Stay tuned for one of the most powerful moments of the year so far with All About Nina.
Synopsis: Just as Nina Geld’s brilliant stand-up kicks her career into high gear, her romantic life gets complicated, forcing her to reckon with what it means to be creative, authentic, and a woman in today’s society. (The Orchard)
Starring: Mary Elizabeth Winstead, Common, and Chace Crawford
Writer: Eva Vives
Director: Eva Vives
Rating: R (United States)
Running Time: 100mins
All About Nina may be a film about a stand-up comedian but this isn’t a comedy by any means. As you can probably guess, the film is about a wisecracking stand-up comedian named Nina (Winstead) with a rather raunchy sense of humor that was occasionally funny, however, may not be for everybody. As the story progressed, we discover that the persona she creates on stage isn’t necessarily the person we see in real life. Nina could be best described as a mess. When she wasn’t performing on stage, she often drank heavily and slept around with countless other men. She appeared to have some sort of troubled past where she perhaps used comedy as a defense mechanism against.

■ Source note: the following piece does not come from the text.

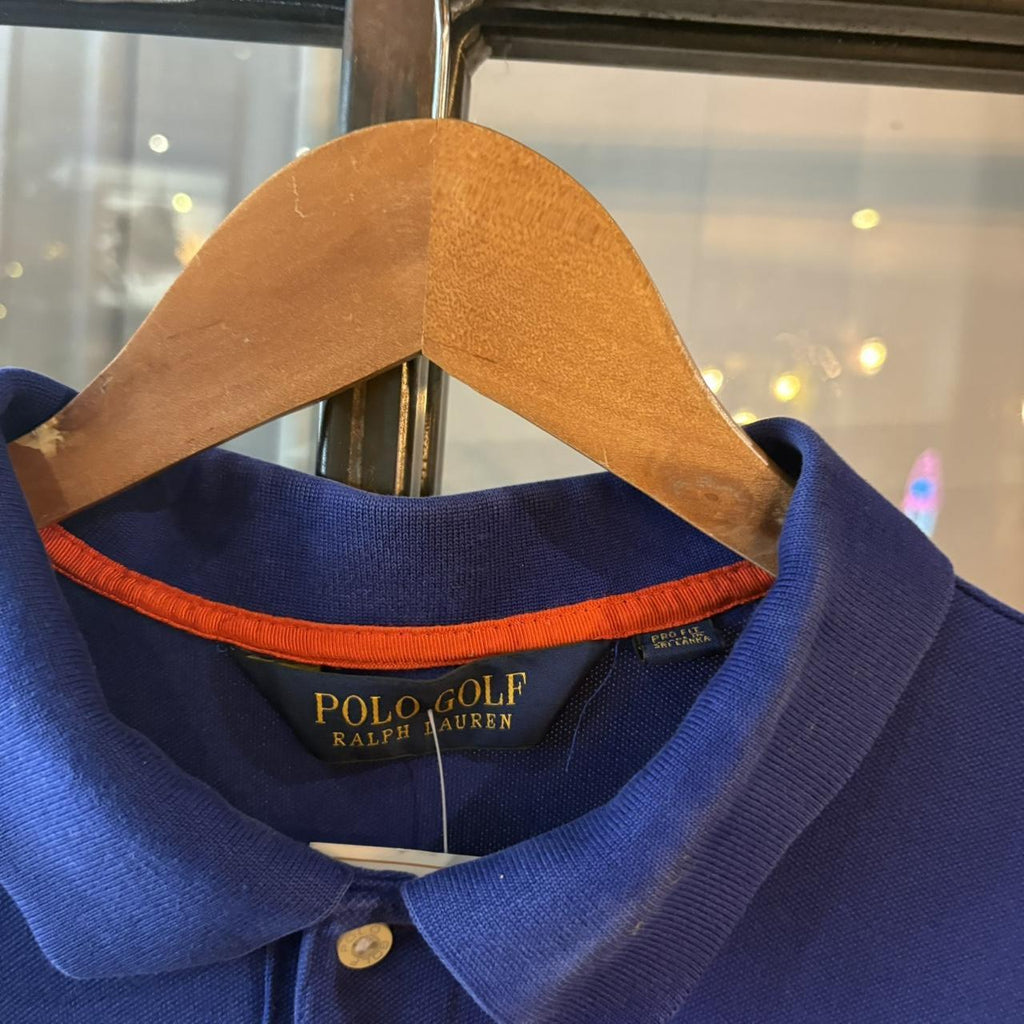 POL583F - Vintage Retro Ralph Lauren Blue Polo Shirt Short Sleeve collared button up top  #Y2K #preppy #chiefkeef #oldmoney #ralphlauren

The bulk of the plot saw Nina taking her baggage to Los Angeles where she pursued an opportunity to potentially audition for a one hour comedy special. She was originally from New York City and had done pretty much everything she could possibly do there and one of her disgruntled suitors, a man named Joe (Crawford), forced her hand anyway. Once she arrived in Los Angeles, Nina had to get her legs under her so she began to perform around the city. While her trajectory may have been somewhat predictable, it was not any less compelling to watch. Someone was inevitably going to show up in Nina’s life and break through all the walls she had put up and that person was a man named Rafe (Common) who she met after one of her performances.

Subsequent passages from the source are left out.